[DATASET EXCERPTS — start]

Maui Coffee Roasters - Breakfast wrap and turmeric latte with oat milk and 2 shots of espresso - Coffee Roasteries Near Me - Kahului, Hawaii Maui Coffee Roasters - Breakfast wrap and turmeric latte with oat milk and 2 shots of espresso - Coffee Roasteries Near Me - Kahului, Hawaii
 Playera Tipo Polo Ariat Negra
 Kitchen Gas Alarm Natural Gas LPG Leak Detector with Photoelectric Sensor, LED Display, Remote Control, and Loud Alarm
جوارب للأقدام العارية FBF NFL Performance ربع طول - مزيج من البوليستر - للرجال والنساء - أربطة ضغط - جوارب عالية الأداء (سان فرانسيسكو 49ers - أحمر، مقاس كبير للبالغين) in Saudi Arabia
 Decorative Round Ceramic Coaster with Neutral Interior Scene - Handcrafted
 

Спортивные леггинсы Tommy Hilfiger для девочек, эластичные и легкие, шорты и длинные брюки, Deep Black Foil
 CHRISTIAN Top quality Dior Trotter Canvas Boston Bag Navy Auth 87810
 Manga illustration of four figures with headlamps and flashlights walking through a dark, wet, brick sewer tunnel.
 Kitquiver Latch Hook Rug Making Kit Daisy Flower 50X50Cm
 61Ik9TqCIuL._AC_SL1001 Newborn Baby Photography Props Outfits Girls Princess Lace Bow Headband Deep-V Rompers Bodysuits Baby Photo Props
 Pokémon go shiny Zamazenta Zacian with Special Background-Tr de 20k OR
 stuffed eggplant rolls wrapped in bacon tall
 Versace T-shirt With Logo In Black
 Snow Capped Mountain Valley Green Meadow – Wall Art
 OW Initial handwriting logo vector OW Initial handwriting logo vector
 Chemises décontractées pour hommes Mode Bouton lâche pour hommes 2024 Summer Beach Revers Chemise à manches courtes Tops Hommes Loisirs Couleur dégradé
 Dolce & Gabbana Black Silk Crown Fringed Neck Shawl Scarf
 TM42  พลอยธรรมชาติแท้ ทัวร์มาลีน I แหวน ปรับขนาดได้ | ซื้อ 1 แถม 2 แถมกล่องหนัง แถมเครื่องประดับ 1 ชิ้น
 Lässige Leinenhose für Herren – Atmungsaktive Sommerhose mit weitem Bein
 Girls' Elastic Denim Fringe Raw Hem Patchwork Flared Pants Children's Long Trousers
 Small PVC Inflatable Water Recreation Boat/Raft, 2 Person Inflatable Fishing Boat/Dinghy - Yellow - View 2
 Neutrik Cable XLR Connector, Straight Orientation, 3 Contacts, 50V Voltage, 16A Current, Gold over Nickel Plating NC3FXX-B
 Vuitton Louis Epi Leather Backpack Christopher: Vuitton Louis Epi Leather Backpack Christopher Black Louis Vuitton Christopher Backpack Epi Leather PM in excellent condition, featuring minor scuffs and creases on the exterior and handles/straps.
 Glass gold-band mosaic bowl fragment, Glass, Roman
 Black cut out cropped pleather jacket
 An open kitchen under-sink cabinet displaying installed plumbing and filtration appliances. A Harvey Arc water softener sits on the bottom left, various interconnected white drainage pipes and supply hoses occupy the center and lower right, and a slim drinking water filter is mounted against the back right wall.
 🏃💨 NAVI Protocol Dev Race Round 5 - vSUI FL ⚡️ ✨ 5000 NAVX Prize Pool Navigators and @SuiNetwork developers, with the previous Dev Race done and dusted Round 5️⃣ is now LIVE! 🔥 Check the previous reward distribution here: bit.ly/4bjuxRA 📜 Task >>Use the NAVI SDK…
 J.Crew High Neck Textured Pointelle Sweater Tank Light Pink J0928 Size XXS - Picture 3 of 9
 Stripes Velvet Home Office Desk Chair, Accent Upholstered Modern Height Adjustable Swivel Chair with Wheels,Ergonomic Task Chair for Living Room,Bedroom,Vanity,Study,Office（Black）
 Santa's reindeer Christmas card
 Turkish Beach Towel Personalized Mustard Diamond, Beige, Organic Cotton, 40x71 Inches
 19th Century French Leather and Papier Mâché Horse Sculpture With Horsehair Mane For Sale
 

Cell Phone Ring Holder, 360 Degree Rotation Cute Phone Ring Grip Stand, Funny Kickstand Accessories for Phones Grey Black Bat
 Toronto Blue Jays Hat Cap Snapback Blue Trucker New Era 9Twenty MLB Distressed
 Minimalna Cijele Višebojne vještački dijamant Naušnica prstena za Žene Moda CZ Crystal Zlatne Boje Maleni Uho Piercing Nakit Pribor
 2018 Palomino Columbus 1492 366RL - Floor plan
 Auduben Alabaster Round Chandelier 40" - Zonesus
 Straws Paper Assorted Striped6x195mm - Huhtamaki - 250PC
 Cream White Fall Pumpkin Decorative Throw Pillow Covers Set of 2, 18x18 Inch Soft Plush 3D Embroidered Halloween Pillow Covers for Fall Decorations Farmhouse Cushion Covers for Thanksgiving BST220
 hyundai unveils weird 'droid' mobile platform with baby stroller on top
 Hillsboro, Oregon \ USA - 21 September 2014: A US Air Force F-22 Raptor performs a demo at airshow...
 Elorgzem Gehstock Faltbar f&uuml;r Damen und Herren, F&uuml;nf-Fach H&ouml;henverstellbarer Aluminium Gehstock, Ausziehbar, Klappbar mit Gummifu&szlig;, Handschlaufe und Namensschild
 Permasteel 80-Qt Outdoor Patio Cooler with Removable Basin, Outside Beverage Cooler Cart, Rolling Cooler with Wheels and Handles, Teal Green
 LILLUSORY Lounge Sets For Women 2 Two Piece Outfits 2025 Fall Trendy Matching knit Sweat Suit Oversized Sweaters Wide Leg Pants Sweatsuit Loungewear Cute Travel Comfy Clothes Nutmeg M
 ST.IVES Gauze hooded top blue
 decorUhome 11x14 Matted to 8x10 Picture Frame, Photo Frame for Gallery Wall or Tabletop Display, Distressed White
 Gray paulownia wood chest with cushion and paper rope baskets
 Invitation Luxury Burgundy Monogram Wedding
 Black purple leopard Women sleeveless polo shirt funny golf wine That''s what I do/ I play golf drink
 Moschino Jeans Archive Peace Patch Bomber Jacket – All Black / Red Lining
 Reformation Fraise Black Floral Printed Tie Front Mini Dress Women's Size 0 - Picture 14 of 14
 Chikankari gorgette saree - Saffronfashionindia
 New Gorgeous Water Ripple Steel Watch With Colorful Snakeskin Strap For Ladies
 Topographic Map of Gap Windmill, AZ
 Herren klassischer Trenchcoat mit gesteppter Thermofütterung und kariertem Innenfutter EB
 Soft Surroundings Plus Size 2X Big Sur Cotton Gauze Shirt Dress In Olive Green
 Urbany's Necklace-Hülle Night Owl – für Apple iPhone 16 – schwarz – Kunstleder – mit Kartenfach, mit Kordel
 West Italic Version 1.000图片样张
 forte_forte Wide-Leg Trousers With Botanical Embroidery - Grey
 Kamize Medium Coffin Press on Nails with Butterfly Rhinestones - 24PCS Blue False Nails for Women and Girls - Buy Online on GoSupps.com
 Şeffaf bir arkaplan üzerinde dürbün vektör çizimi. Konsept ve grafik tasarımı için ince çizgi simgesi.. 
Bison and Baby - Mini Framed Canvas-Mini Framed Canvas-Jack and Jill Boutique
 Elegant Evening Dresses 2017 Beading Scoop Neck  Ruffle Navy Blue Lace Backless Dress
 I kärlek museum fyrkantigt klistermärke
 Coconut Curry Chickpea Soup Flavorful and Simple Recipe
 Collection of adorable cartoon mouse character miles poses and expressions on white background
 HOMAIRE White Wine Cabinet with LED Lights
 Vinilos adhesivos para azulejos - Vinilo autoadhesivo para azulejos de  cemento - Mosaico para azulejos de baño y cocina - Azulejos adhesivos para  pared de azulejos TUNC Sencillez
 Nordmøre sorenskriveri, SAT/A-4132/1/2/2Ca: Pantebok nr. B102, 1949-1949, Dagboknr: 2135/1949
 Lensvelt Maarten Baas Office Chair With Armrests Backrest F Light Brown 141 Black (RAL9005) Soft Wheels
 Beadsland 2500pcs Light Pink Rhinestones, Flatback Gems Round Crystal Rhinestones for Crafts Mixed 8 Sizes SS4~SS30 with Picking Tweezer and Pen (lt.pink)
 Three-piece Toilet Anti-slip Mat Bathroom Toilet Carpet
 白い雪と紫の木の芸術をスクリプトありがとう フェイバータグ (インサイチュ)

[DATASET EXCERPTS — finish]

PROBLEM TO WORK ON
Work through the entries, filtering for the string "Chair", and copy each line that holds it.

OUTPUT FOR THIS EXERCISE
 Stripes Velvet Home Office Desk Chair, Accent Upholstered Modern Height Adjustable Swivel Chair with Wheels,Ergonomic Task Chair for Living Room,Bedroom,Vanity,Study,Office（Black）
 Lensvelt Maarten Baas Office Chair With Armrests Backrest F Light Brown 141 Black (RAL9005) Soft Wheels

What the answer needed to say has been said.